■ **Available data**
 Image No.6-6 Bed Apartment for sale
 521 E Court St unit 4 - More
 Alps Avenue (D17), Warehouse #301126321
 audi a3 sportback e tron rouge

■ **Task description**
Once more and in full, please write out the listing above exactly.

■ **Answer to the problem**
 Image No.6-6 Bed Apartment for sale
 521 E Court St unit 4 - More
 Alps Avenue (D17), Warehouse #301126321
 audi a3 sportback e tron rouge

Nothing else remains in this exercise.